Das klingt ein bisschen mehr nach Dortmund.
Kroos (lacht): Letztlich ist doch der Stil nicht wichtig. Wichtig ist, dass wir gewinnen und dass alle elf Spieler die gleiche Art Fußball denken.
Ihre Aussage mit der Einheit im Team überrascht, wo doch erst Bastian Schweinsteiger kritisiert hat, dass sich bei der EM die Spieler bei Toren nicht so gefreut hätten wie er das erwartet hätte.
Kroos: Bastian ist ein verdienter Nationalspieler. Wenn ihm so etwas auffällt, hat er das Recht das zu sagen. Meiner Meinung nach herrscht eine große Empfindlichkeit, aus allem wird gleich eine Debatte gemacht. Ob es so ist oder nicht, was Basti aufgefallen ist, das ist eine andere Frage. Aber er hat das Recht das zu sagen.
Nach positiven Jahren hat sich nach der EM die Kritik am Team erhöht. Ist das derzeit die schwierigste Phase, seit Sie in der Nationalelf sind?
Kroos: Wenn man sich die Bewertungen von außen ansieht, dann könnte man diesen Eindruck bekommen, ja. Mit dem dritten Platz in Südafrika waren wir noch alle zufrieden, auch die Öffentlichkeit. Das ist aktuell nicht mehr so. Der Anspruch ist nochmal deutlich größer geworden. Auch zu recht aufgrund der Qualität, die wir in der Mannschaft haben. Trotzdem fährt man nicht zu einem Turnier und gewinnt das einfach so. Auch das 2:1 gegen Österreich jüngst war sicher nicht optimal, aber wenn ich das Spiel nicht gesehen und nur die Bewertungen gehört und gelesen hätte, wäre ich zu dem Eindruck gekommen, wir hätten 0:4 verloren. Die äußeren Ansprüche und Erwartungen werden wir nicht ändern können, denen müssen wir uns stellen.
Würden Sie sagen, die beiden anstehenden WM-Qualifikationsspiele gegen Irland und Schweden werden zu einem Charaktertest für die Mannschaft?
Kroos: Nein.
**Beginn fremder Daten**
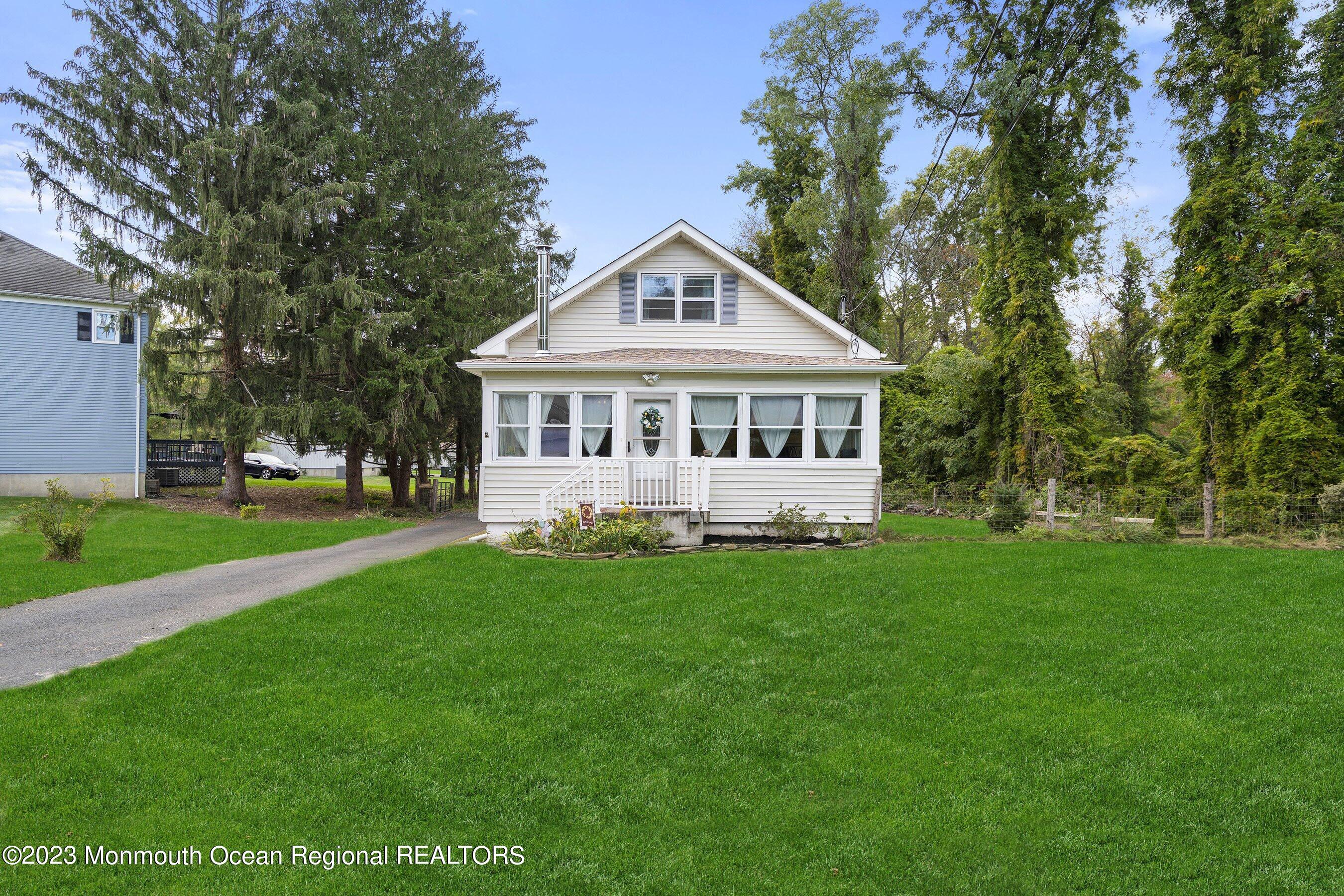 331 Green Grove Road Tinton Falls, NJ 07712 - Photo 1 of 20 Front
Das sind zwei wichtige Spiele, die wir gewinnen wollen.
Der Teamgeist ist also gut?
Kroos: Ja, das Gefühl habe ich. Aber es ist natürlich teilweise eine schwierige Situation, weil hier bei der Nationalmannschaft auch Spieler mit unglaublicher Qualität auch mal auf der Bank sitzen. Das ist nicht immer einfach zu akzeptieren.
Nach der WM waren Sie es, der öffentlich Kritik daran geübt hat, dass er nicht so zum Zuge kam. Würden Sie das nochmal so machen?
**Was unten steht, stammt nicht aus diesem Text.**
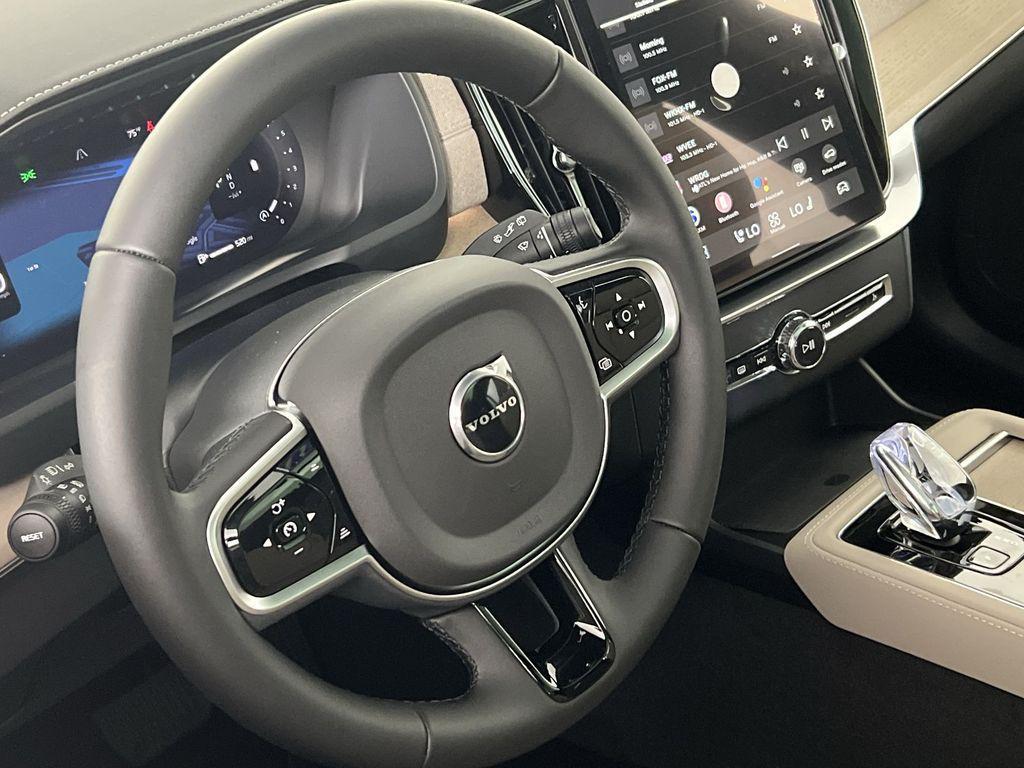 new 2026 Volvo XC90 car, priced at $71,825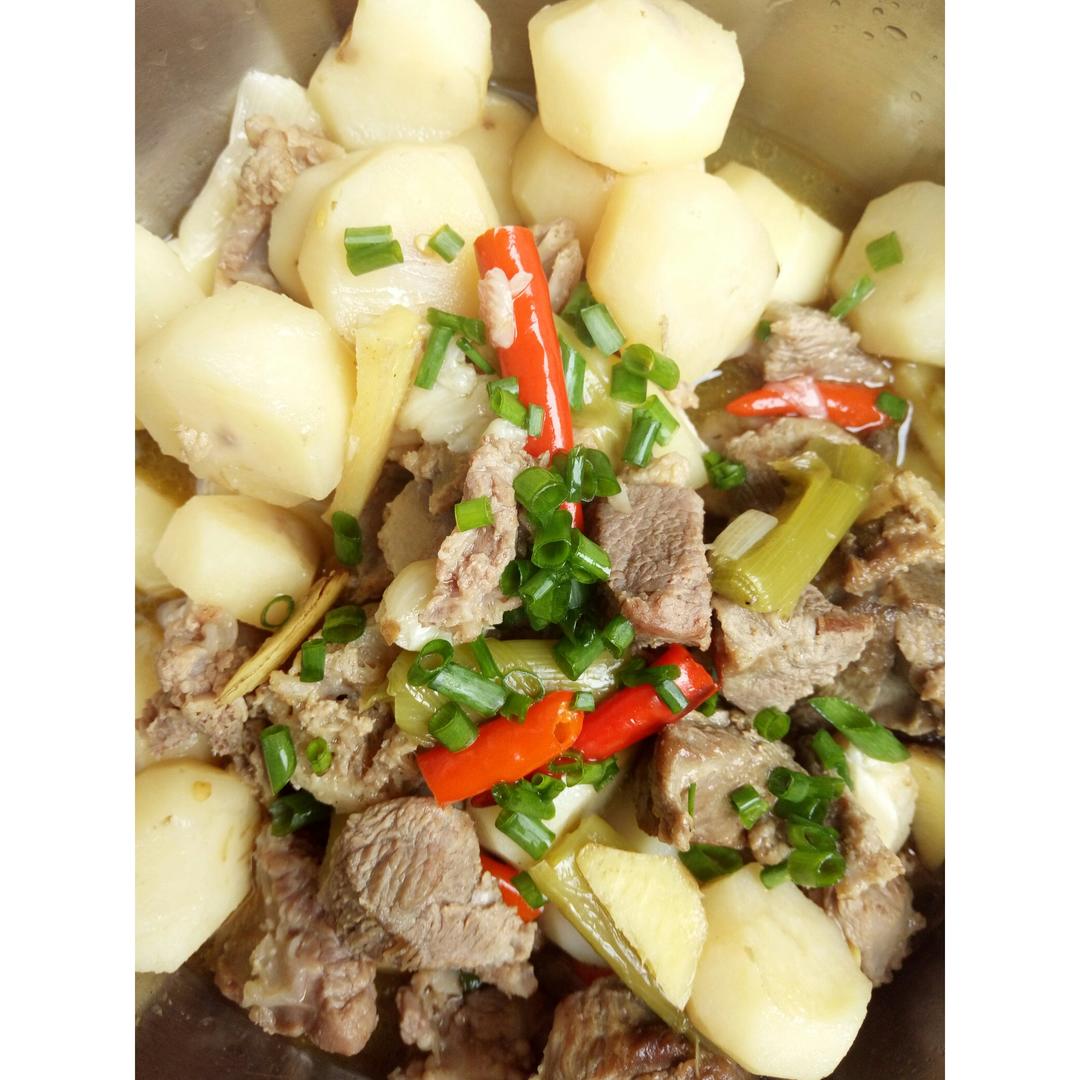 土豆焖鸭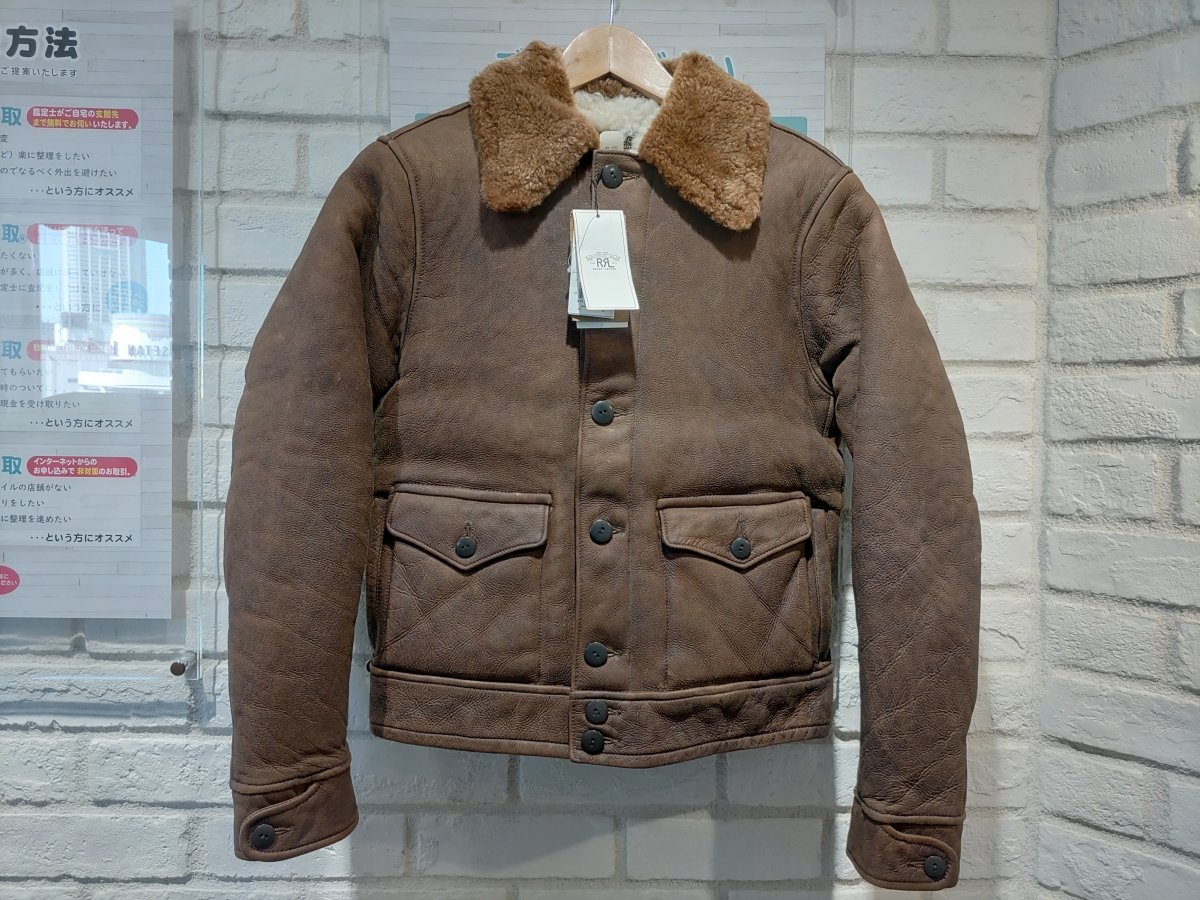 新宿店で、ダブルアールエルの限定コレクションのシアリングムートン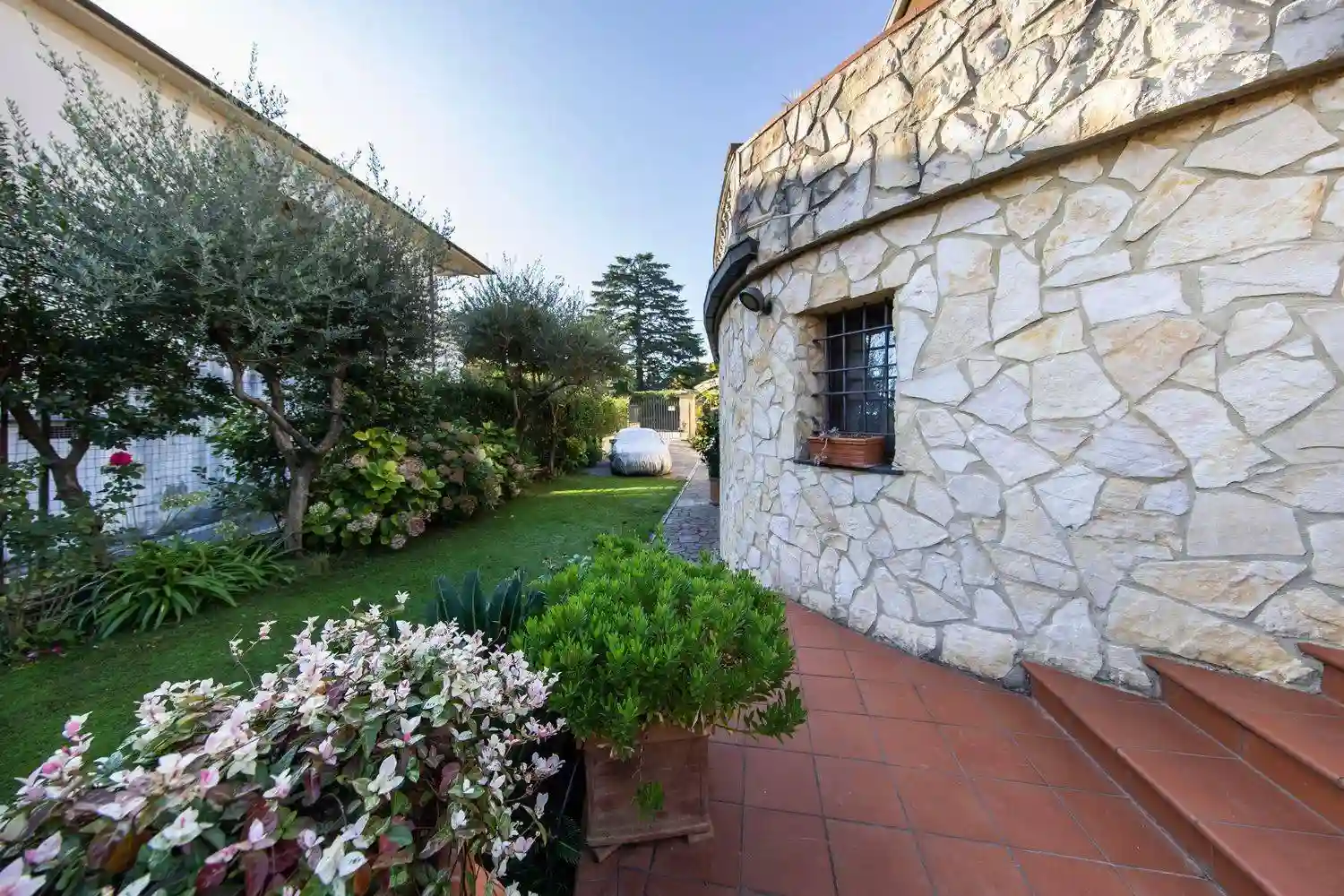 Villa - foto 2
Kroos: Wenn ich ein Interview gebe, dann sage ich auch meine Meinung. Natürlich waren die Reaktionen schon heftig. Aber es gehört dazu, dass Spieler ihre Meinung sagen, auch wenn die mal unbequem ist. Also, um auf Ihre Frage zurückzukommen: wahrscheinlich schon.
Gehen Sie davon aus, dass Sie in Irland am Freitag spielen?
Kroos: Ich bin in guter Form. Ich werde nichts fordern, das habe ich schon mal gemacht. Ich versuche mich hier anzubieten, ob ich dann spiele, kann ich nicht beeinflussen.
Die Bayernspieler müssten jedenfalls selbstbewusst in die anstehenden Partien gehen.
Kroos: Natürlich hatten wir einen super Saisonstart und das Selbstbewusstsein tut gut. Das ist wichtig, weil einem die Dinge dann einfach leichter fallen.